Task goal: Among the entries below, only the lines from the one with "Màn hình lưới" through the one with "Detalle de collar" are wanted, reproduced exactly. Pictures are not wanted.

Material provided:
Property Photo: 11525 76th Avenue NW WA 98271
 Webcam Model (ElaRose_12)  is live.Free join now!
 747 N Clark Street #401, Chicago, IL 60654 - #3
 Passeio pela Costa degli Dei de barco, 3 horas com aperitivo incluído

...

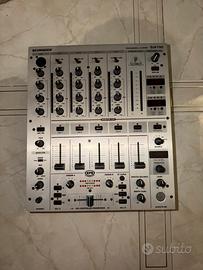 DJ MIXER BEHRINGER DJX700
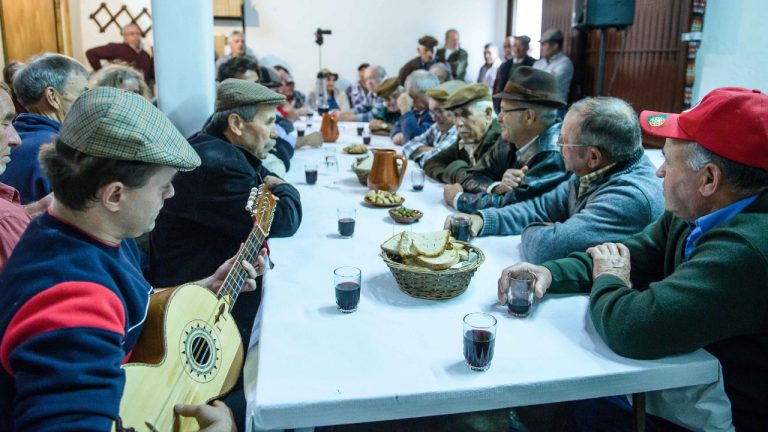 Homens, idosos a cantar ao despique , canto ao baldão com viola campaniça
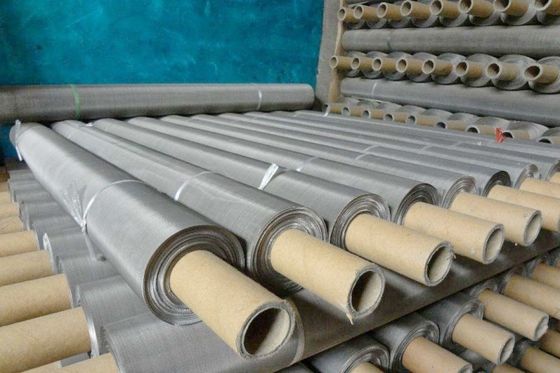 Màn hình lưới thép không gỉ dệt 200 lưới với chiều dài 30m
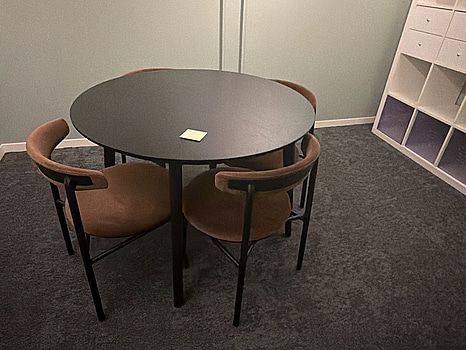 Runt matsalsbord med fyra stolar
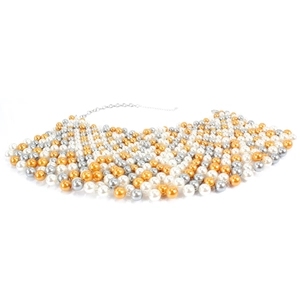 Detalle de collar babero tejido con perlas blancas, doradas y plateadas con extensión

Response below:
 Màn hình lưới thép không gỉ dệt 200 lưới với chiều dài 30m
 Runt matsalsbord med fyra stolar
 Detalle de collar babero tejido con perlas blancas, doradas y plateadas con extensión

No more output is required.